Texture Mapping using multiple quads with getPerspectiveTransform / warpPerspective

Hi everyone,

I’m looking for an efficient way to do ‘texture mapping’ in opencv. I’ve got about 60 quads that I’m applying getPerspectiveTransform / warpPerspective to. It works, but there must be a more efficient way right?

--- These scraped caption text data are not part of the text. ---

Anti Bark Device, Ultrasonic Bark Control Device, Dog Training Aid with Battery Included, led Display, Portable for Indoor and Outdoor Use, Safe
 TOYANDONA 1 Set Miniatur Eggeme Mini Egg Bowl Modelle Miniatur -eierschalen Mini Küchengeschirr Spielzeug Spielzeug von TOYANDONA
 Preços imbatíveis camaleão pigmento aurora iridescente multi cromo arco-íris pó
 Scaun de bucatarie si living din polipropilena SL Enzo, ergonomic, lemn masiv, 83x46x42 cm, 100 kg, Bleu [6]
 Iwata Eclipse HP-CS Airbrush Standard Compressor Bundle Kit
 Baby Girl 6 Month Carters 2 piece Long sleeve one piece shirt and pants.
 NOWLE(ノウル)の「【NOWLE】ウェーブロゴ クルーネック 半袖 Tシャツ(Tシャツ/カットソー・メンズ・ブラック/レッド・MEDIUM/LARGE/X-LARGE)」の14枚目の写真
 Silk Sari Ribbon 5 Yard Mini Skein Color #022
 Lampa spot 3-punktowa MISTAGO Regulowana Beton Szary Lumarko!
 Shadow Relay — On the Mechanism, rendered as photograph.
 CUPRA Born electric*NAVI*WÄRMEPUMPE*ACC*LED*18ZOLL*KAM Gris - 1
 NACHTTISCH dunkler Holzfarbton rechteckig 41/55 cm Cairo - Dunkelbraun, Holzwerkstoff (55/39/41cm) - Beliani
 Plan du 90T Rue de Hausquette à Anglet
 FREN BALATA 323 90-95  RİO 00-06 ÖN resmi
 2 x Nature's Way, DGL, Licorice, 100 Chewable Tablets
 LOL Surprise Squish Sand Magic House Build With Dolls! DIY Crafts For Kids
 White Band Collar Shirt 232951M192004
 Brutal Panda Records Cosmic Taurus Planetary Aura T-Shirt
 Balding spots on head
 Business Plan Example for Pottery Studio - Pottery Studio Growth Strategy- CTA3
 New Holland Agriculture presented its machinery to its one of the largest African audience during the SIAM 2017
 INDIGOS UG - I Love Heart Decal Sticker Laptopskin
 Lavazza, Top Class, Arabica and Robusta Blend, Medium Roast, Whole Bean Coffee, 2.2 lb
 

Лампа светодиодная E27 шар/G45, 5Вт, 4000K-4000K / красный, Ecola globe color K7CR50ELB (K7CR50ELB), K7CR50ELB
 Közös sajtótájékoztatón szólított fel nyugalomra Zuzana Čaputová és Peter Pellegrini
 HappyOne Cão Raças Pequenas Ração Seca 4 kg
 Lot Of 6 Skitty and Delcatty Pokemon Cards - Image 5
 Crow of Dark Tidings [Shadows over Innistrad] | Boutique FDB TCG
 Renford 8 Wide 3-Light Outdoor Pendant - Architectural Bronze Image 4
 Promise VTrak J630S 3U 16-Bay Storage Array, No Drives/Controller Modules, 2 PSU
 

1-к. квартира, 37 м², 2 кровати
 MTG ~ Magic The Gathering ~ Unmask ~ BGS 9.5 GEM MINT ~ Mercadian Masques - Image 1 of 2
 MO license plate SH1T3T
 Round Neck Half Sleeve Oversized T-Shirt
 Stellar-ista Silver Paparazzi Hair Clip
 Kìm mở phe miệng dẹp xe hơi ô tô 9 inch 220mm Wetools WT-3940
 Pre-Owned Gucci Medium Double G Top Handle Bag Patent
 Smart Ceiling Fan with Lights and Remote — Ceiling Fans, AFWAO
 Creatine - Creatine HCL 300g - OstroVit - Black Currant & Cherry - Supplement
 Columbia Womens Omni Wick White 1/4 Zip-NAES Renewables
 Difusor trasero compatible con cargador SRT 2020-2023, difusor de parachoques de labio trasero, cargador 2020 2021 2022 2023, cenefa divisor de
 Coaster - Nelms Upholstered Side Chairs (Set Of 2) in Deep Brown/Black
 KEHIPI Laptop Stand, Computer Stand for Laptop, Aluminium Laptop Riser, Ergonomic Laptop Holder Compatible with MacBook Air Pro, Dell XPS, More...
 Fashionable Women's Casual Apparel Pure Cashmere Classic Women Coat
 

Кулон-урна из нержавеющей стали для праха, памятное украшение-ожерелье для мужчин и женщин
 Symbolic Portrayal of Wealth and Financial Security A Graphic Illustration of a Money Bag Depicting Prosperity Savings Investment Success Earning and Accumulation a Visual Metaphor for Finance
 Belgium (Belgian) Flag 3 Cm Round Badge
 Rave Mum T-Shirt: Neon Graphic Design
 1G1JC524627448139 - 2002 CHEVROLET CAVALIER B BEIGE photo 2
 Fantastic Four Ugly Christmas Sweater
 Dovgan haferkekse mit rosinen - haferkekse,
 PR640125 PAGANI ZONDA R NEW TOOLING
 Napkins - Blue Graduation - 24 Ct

Any thoughts?

Best wishes,
Rick

import cv2,csv
import numpy as np

warped = cv2.imread('data/vis_200.png')
unwarped = np.zeros_like(warped)

screen_quads = np.loadtxt("data/screen_quads.txt", dtype=np.float32).reshape(-1,4,2)
cam_quads = np.loadtxt("data/cam_quads.txt", dtype=np.float32).reshape(-1,4,2)

for screen_quad, cam_quad in zip(screen_quads, cam_quads):
    x0, y0 = np.min(screen_quad, axis=0).astype(int)
    x1, y1 = np.max(screen_quad, axis=0).astype(int)

    matrix = cv2.getPerspectiveTransform(cam_quad, screen_quad)
    dst_quad = cv2.warpPerspective(warped, matrix, (warped.shape[1], warped.shape[0]))
    
    unwarped[y0:y1, x0:x1] = dst_quad[y0:y1, x0:x1]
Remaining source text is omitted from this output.